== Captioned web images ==
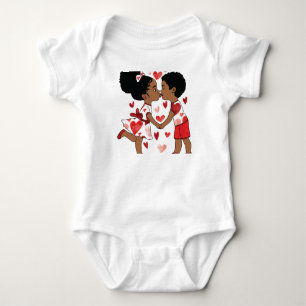 Body Enfants noirs mignons en amour Saint Valentin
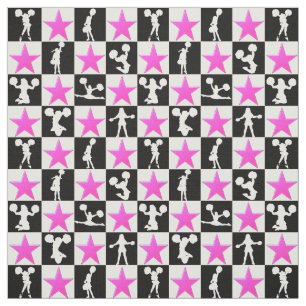 PINK STAR CHEERLEADER FABRIC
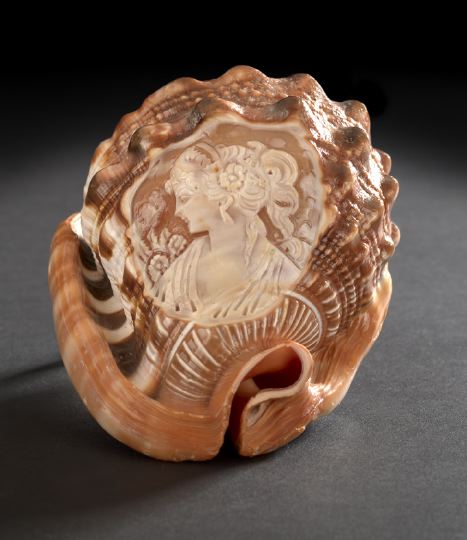 Appraisal: Neapolitan Grand Tour Cameo-Carved Conch Shell signed E Boinela Naples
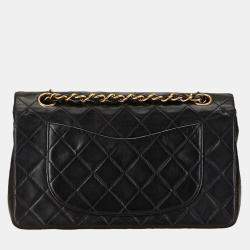 Chanel Black Leather Small Classic Double Flap Shoulder Bag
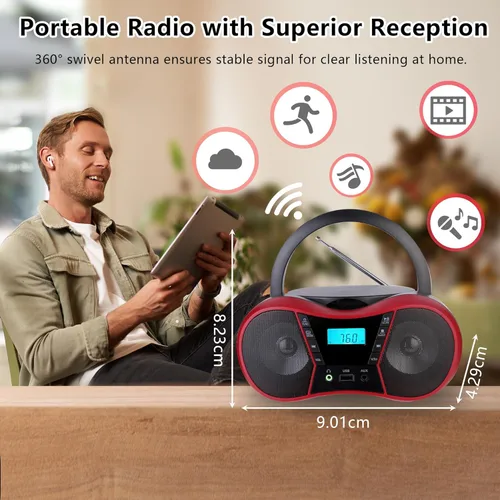 Miniatura 7 de Boombox Reproductor de CD Portátil, Reproductores de CD Portátiles para el Hogar, Reproductor de CD de Radio Estéreo con AUX/USB/FM/Bluetooth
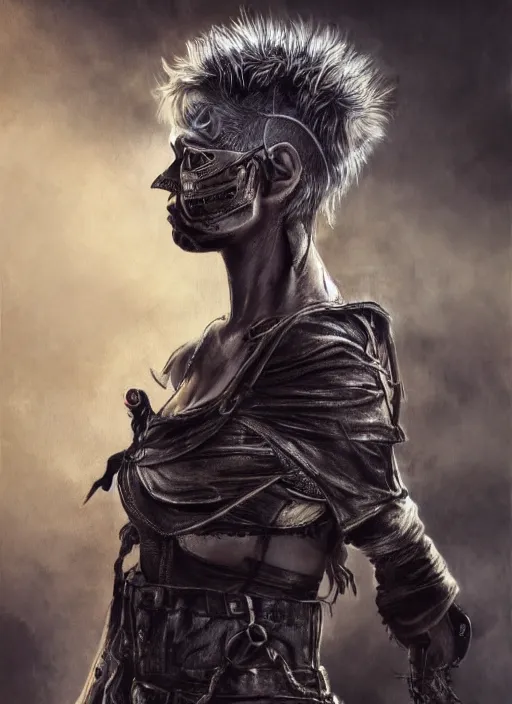 Image similar to detailed full body concept, oil painting of a mad max style female with beautiful face and eyes wearing intricate clothing, soft lighting and focus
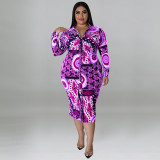 Plus Size Long Sleeve Long Dress Print Multicolor Casual Sexy Shirt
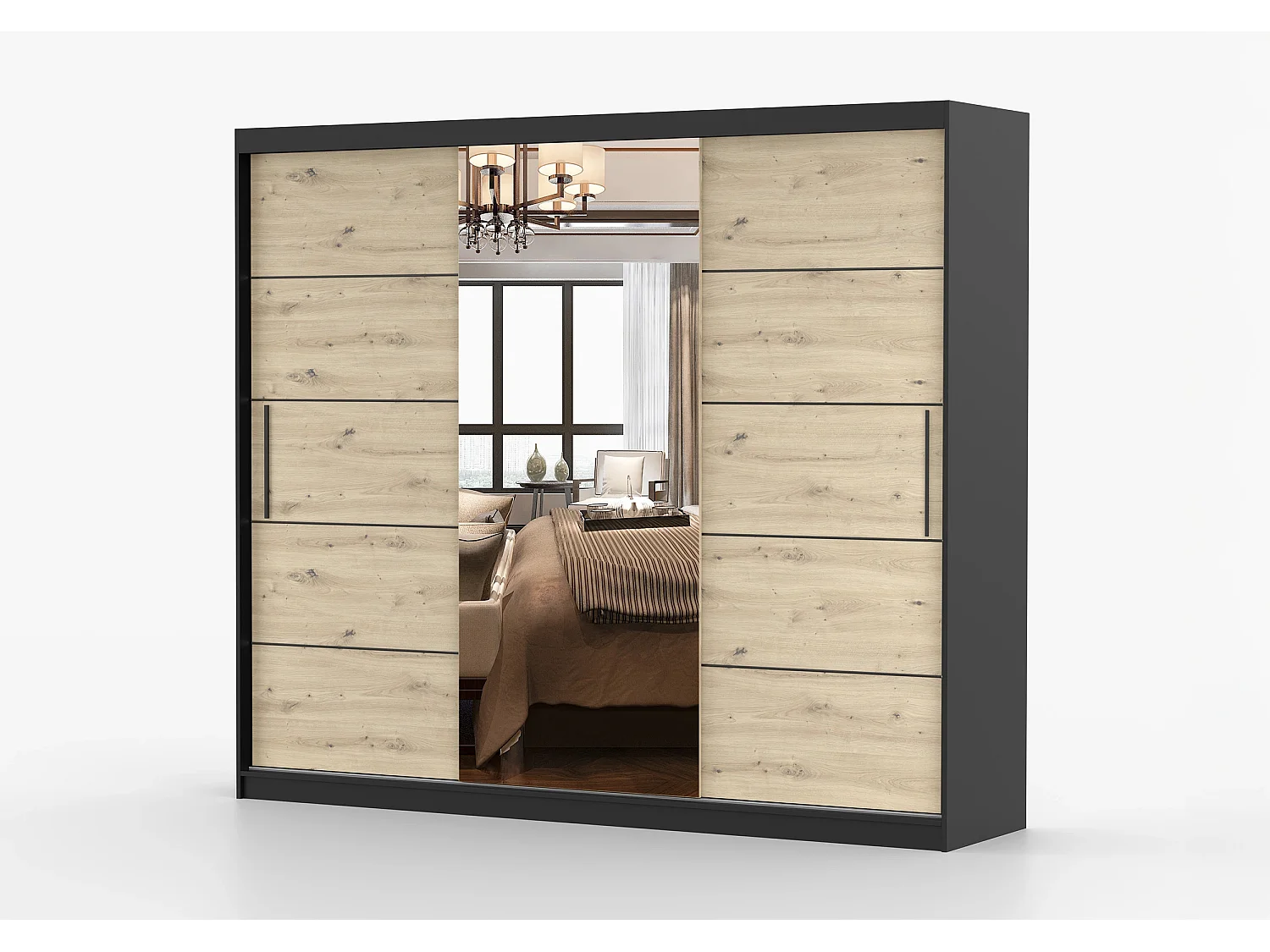 Armoire Elior 250 cm avec miroir - Noir - Effet bois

== Work task ==
A word-for-word copy of the data above is needed, one that omits the pictures.

== Exercise response ==
 Body Enfants noirs mignons en amour Saint Valentin
 PINK STAR CHEERLEADER FABRIC
 Appraisal: Neapolitan Grand Tour Cameo-Carved Conch Shell signed E Boinela Naples
 Chanel Black Leather Small Classic Double Flap Shoulder Bag
 Miniatura 7 de Boombox Reproductor de CD Portátil, Reproductores de CD Portátiles para el Hogar, Reproductor de CD de Radio Estéreo con AUX/USB/FM/Bluetooth
 Image similar to detailed full body concept, oil painting of a mad max style female with beautiful face and eyes wearing intricate clothing, soft lighting and focus
 Plus Size Long Sleeve Long Dress Print Multicolor Casual Sexy Shirt
 Armoire Elior 250 cm avec miroir - Noir - Effet bois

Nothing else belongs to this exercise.